Weber describes ‘human behaviour’ as action, ‘when and in so far as the acting individual attaches a subjective meaning to it’,22 while social action is the action that is formed by combinations of specific traits, behaviours or situations. There are also joint intentions by individuals sharing a sense of project and process, in which individuals cognitively seek coordination.23 In the context of this study, the actors — both scientists and diplomats — are agents of their actions. This has a clear application to the diplomatic practice of science diplomacy: scholar–diplomat interaction inherently relates to the behaviour of individuals in its course of context coordinations and dependency of path, process and timeline.

To construct an ideal type of science diplomacy, the ASTP fits perfectly well. In constructing an ideal type of SD to be used in the contrast and comparison of concrete reality (or in this case perceptions of reality), there are certain methodological and analytical assumptions that must be considered. First, the construction depends upon the purposive actions of individuals as political leaders, diplomats and scientists. Second, any social action evolves steadily with the passage of time and can also be transformed abruptly under special circumstances — détente here means the cooling of tensions during the Cold War. Accordingly, any contrast and comparison of concrete reality using a constructed ideal type will be highly contextual and limited to the particular period of time and place of when and where the action is undertaken. Third, it is important to note that an ideal type is constructed from traits or elements chosen by the social scientist based upon preconceptions and understanding of the phenomenon being studied. In this way, the ideal type is subjective.24 The construction of an ideal type of SD is a standard case, which is ultimately designed to contrast and compare replication in other cases that are relevant to science diplomacy.

Constructing an Ideal Type of Science Diplomacy

To construct an ideal type of science diplomacy, social mechanisms of path dependence were presented. Path dependency theory appeared to be a framework for such construction. The usefulness of this theory and the method for it are demonstrated by analysing data using a phenomenological approach.

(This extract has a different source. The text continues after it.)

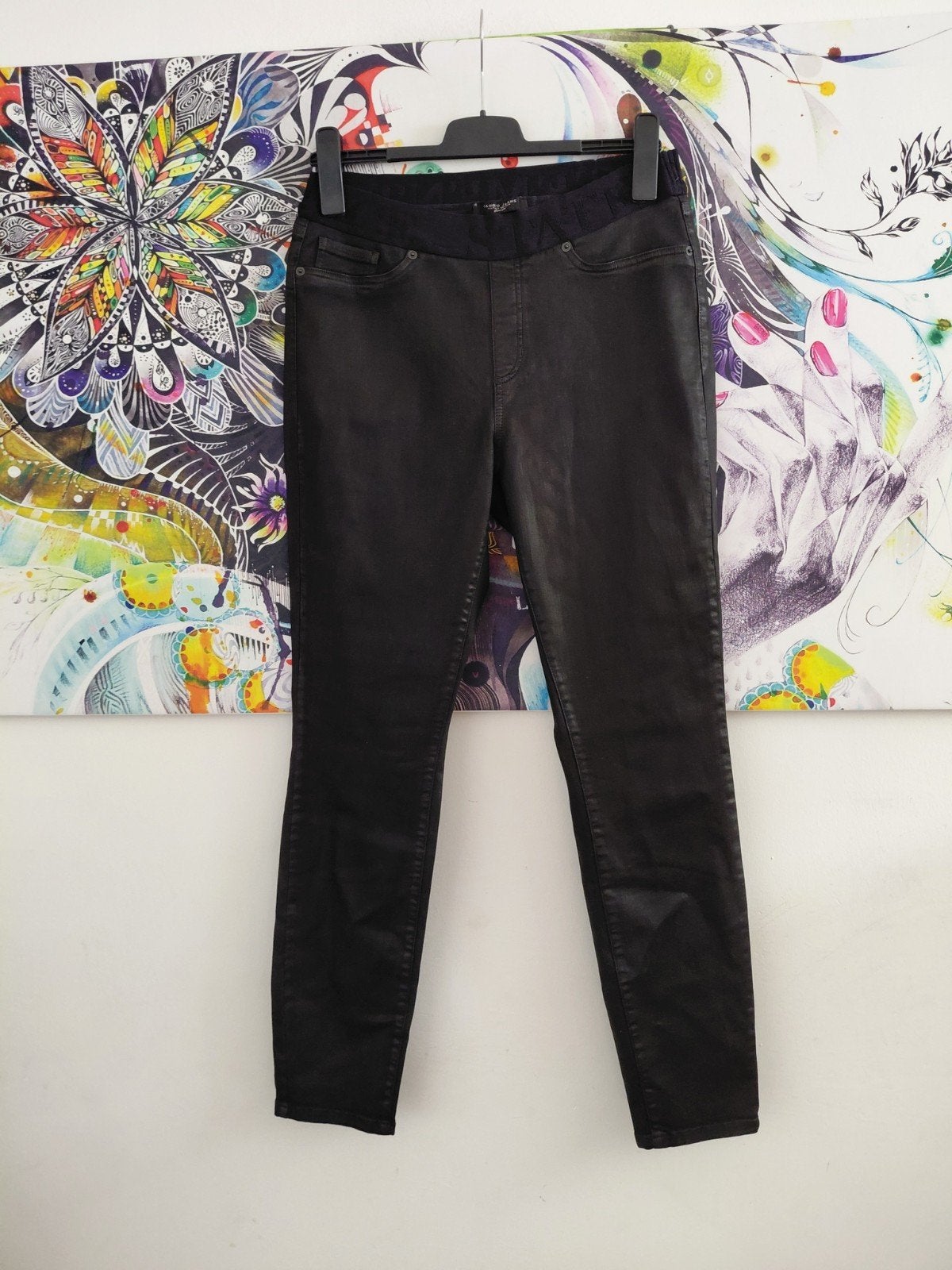 mooie broek van Cambio jeans maat 42, Cambio, Zwart, Maat 46/48 (XL) of groter, Ophalen of Verzenden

The phenomenological approach of social mechanisms, along with the ways in which things happened, is path dependency, which accentuates the idea of sequencing and timing.25 Sequence and timing are considered to be alternatives and influence outcomes. Outcomes depend on the procedural structure within which they are determined. Timing and sequencing have an effect on the causal chain of events — for example, the early 1970s was the perfect timing for the ASTP; not before; not after. Also, to examine the historical narrative objectively, the ASTP was crucial for both countries in cooling tensions and developing a partnership internationally. Using path dependency theory as an analytical framework helps us to understand the advantages of well-established and continued practices of historical preferences and diplomatic negotiations, rather than the creation and use of newly available yet unsettled practices.

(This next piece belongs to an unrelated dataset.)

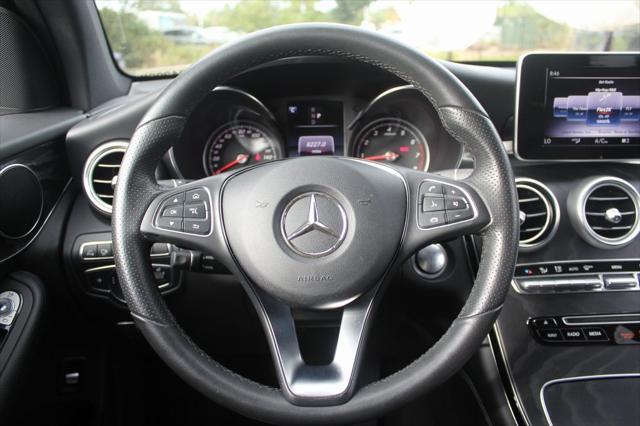 used 2018 Mercedes-Benz GLC 300 car, priced at $23,998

The optimal form of data representation — the narrative — leads to the necessary reduction techniques that are quantitative analysis, tabular representation26 and the path dependency scheme with historical variables. The question of the appropriate explanatory strategy depends on the quality of the information, based on the available data. The narrative was used when referring to the specific behaviour of actors in a changing historical context and was linked to the historical data. Several mutual visits, joint training sessions, cultural trips and a variety of other activities during the ASTP were represented, part quantitatively and part narratively. Differences in both states’ organizations, the management style of their space agencies, state and non-state actors, and the specifics of negotiations and criss-crossing communication were compared and shown tabularly.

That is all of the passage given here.